Once the line containing "Mathieu van der" is found in the material below, it and every line after it should be transcribed exactly, with pictures left out and nothing added.

[Information provided]

"""

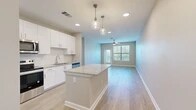 Located at 1880 SW 43rd St in Gainesville, FL, this single-floor, 3-bedroom, 2-bathroom home offers a thoughtfully designed layout with contemporary finishes throughout. The open-concept kitchen and living area serves as the heart of the home, featuring a granite-topped center island, crisp white shaker cabinetry extending to the ceiling, a classic subway tile backsplash, and a full suite of stainless steel appliances including a refrigerator, electric range, microwave, and dishwasher. Pendant lighting and recessed fixtures illuminate the kitchen, which flows seamlessly into the living room. The living area is bright and airy, benefiting from large windows with blinds, a ceiling fan, and direct access to an outdoor area via a glass-paned door. Light wood-look flooring runs throughout the main living spaces, adding warmth and continuity. The three bedrooms are carpeted for comfort and receive generous natural light through large windows fitted with blinds. Ceiling fans are present in the bedrooms, and multiple rooms include access to closets, with at least one walk-in closet featuring wire shelving. The two bathrooms are finished with granite-topped white vanities, wood-look tile flooring, framed mirrors, and glass-enclosed showers. A hallway connects the private quarters, completing this clean and functional floor plan.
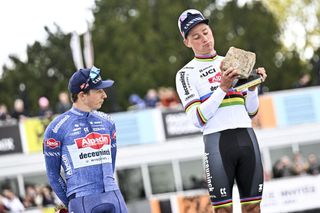 Mathieu van der Poel celebrates on the podium with his Alpecin-Deceuninck teammate Jasper Philipsen after winning the 2024 Paris-Roubaix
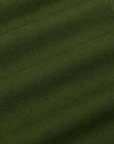 Baggy Mid-Rise Trousers in Evergreen fabric detail close up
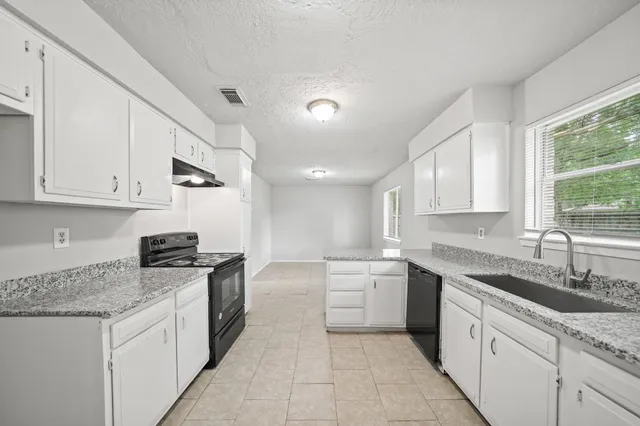 a kitchen with stainless steel appliances granite countertop a sink stove and cabinets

"""

[Exercise answer]
 Mathieu van der Poel celebrates on the podium with his Alpecin-Deceuninck teammate Jasper Philipsen after winning the 2024 Paris-Roubaix
 Baggy Mid-Rise Trousers in Evergreen fabric detail close up
 a kitchen with stainless steel appliances granite countertop a sink stove and cabinets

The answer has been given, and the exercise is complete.